Synchronizing views with trusted torrents

Consider a network for which the reputation network has converged in all peers. The central idea of swarm-based reputation consensus is that the centroids of the reputation graph can periodically (once every few days maybe) initiate torrents to propagate the contribution network they currently have. After a (small) number of these peers perform this operation, other peers join the torrents and update their current reputation network by merging their view of the system with that of the trusted peer that initiated the torrent.
[Rahim: I think that reputation graph based on upload contribution is not appropriate to make a snapshot of others upload treatment. Look at example below: In this reputation graph, node 5 has uploaded to nodes 3 and 7 and according to definition of the graph center it is the center of the graph. But based on this info what it can do for others?]
If instead of reputation graph, nodes use another metric to decide whether to make a snapshot of reputation graph or not, it will be better. We can name it awareness graph and each node that knows more makes snapshot and creates relevant swarm. For example, suppose figure below:

In this figure blue nodes and edges between them show the local reputation graph of the associated red node. If the reputation graph be converged all nodes will have same view point. In this figure nodes 6 and 2 more less than node 9. Node 9 knows about 7 upload actions ( number of edges) but the others know about 5 uploads. So if node 9 make a snapshot and propagate it, it will be better and brings more info to others.
But there is two important questions: in a distributed environment how a node should know that it knows more than others and it's knowledge is fresher? ]
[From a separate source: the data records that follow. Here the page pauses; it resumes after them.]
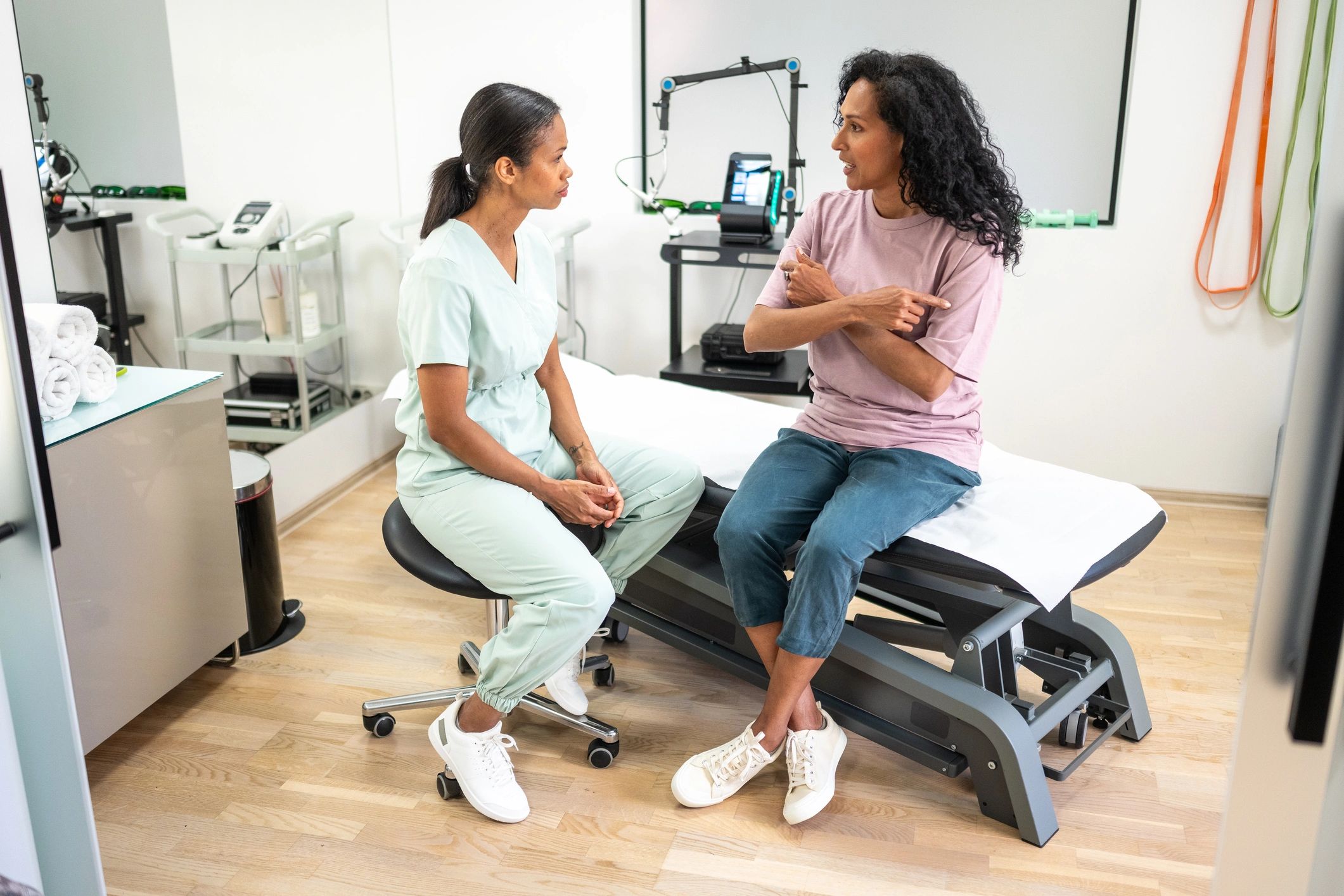 Physical therapist assisting a patient with shoulder mobility in a clinic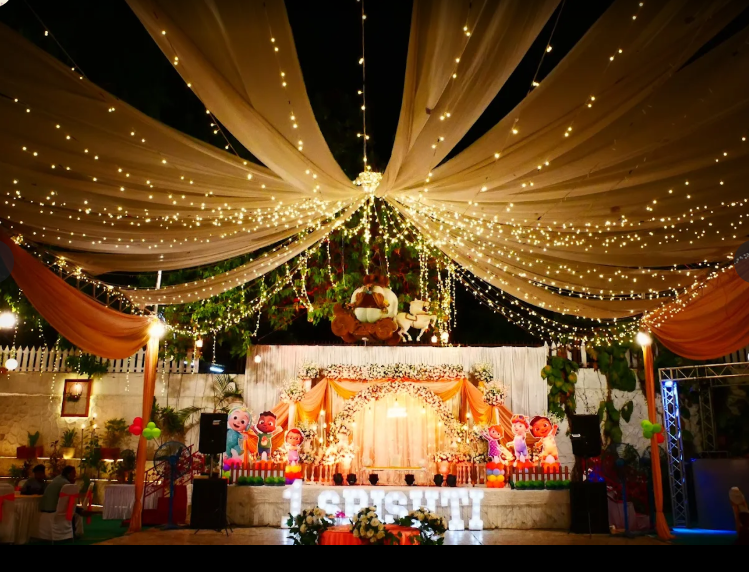 Orange draped stage decorated for a children's themed celebration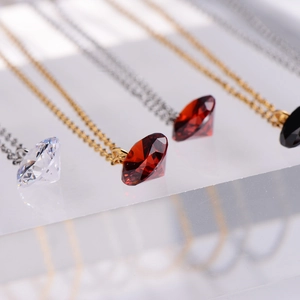 Sparkling heart-shaped diamond pendant necklaces in red, black, and white gold finishes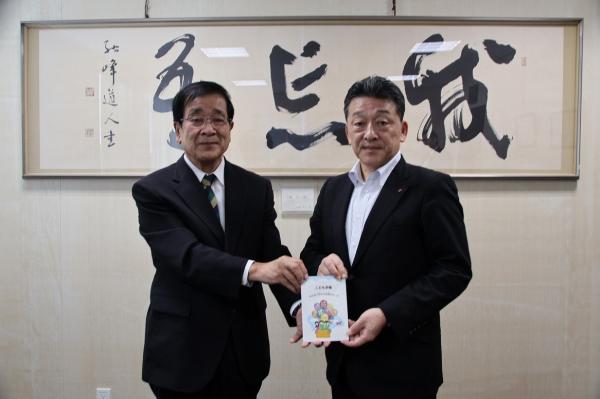 公益財団法人日本公衆電話会から冊子「こども手帳～みんなで守ろう社会のルール～」を受け取る桑原教育長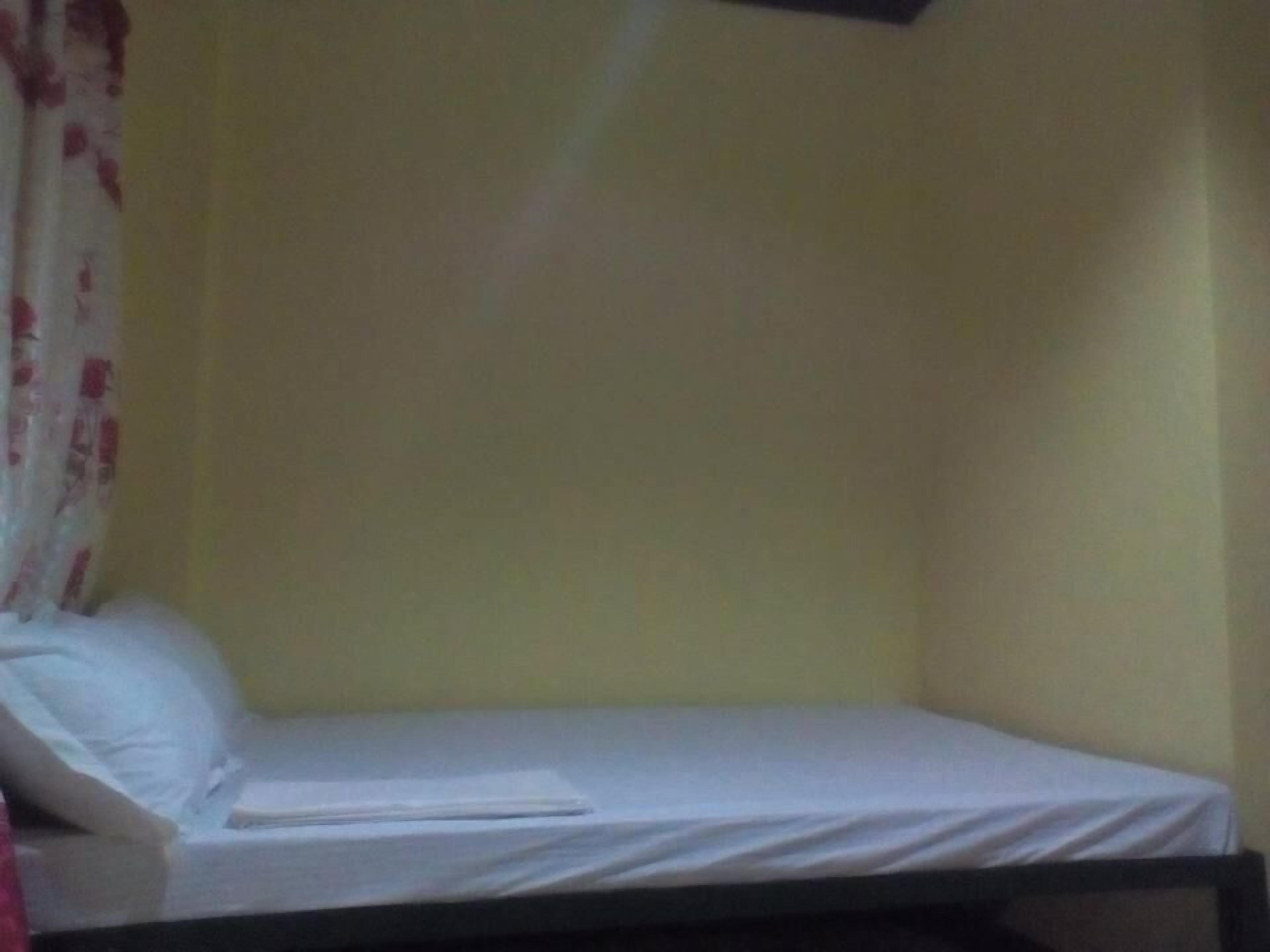 A small, single-bed room with a plain white mattress and a single pillow.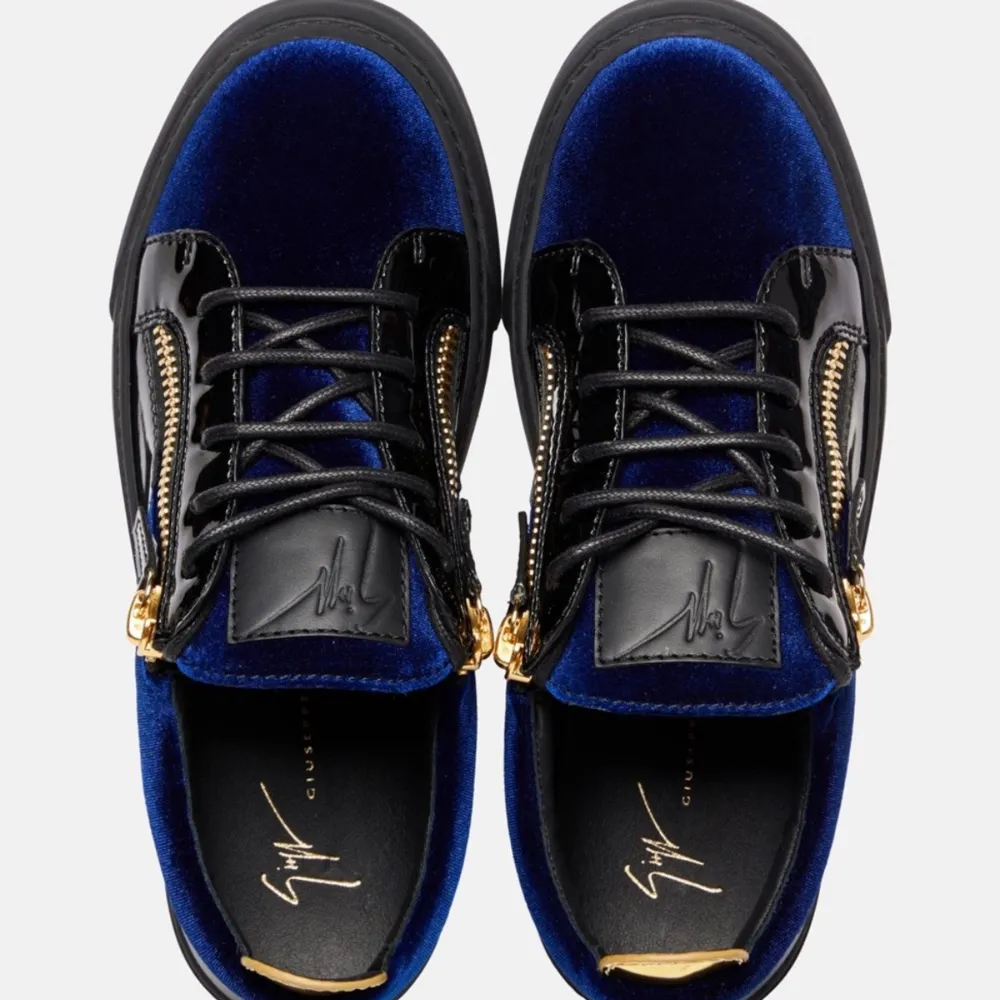 Snygga giuseppe zanotti skor som är oanvända i svart och blått med en cool design. Skorna har en kombination av glansigt skinn och blå sammet, vilket ger dem en unik look. De har snörning och en guldfärgad dragkedja på sidan för extra stilpoäng. Perfekta för att lyfta vilken outfit som helst!. Skor.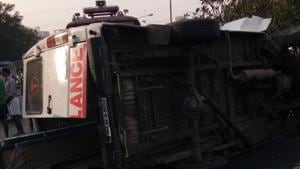 The ambulance toppled after hitting a divider. The ambulance toppled after hitting a divider.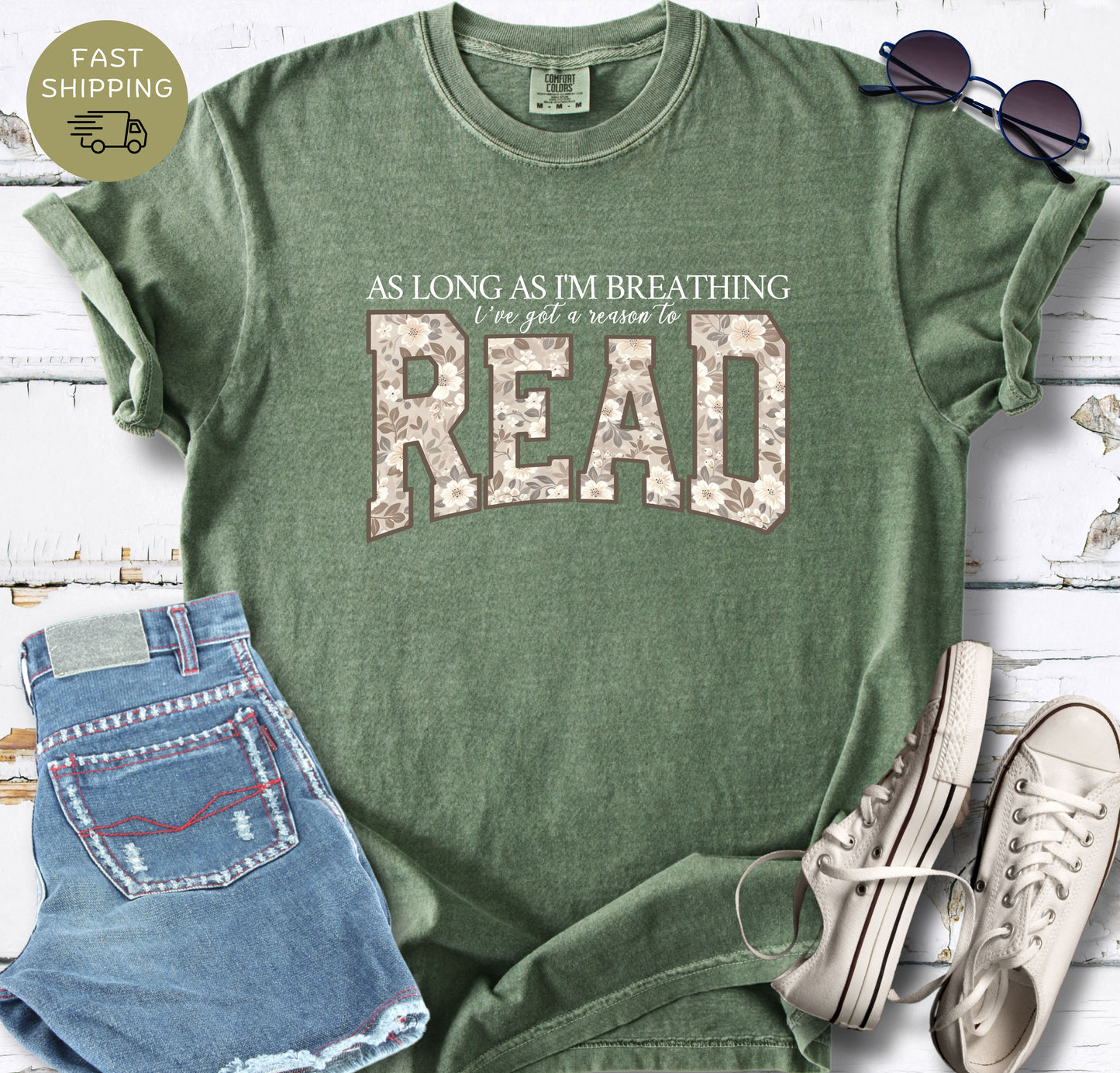 Women’s book lover graphic tee styled with denim shorts, sunglasses and white trainers.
If the convergence about the contribution network is not perfect, some peers will not identify correctly who are the trusted publishers of the contribution network. These peers can use the popularity of current swarms distributing contribution networks to estimate which are the most trusted ones. [Todo: This assumes trusted swarm size information.] The rationale for this approach is that if peers synchronize often with the same highly-trusted peers, information will be more rapidly disseminated than through gossiping alone.

[Todo: if we know who are the most trusted peers, maybe it is also a good idea to prioritize them when gossiping new info.]

Open issues:

  • Do we have hard evidence that gossiping alone is not already enough for disseminating contribution information?
  • Reputation in mechanism could be more general than BarterCast data only, including friendship certificates and other data. How to aggregate such different sources?
  • If we know that only trusted peers will merge the information, do we need to keep gossiping to everyone about everyone else's behavior?
  • If different sets of peers start trusting different peers that have different views of the network, can they disagree progressively more over time instead of moving towards consensus?
  • Can we make the system so that it encourages non-tribler peers to follow the protocol?

Analysis of BarterCast

To reply some of the above questions, whether gossiping is enough for spreading info or are there strong peers that their local history is rich enough, we decided to evaluate current running BarterCast and measure some parameters. Below are some of them and their description:

  • Number of replicas in different cycles: This parameter shows the number of peers that have a specified report/s in their local history in different cycles/time of running. To measure this parameter we should check existence of those specified records and count how many peers have them in their cache. It can be shown in a graph, x-axis shows the relative cycle/time and y-axis shows the number of peers that have that records.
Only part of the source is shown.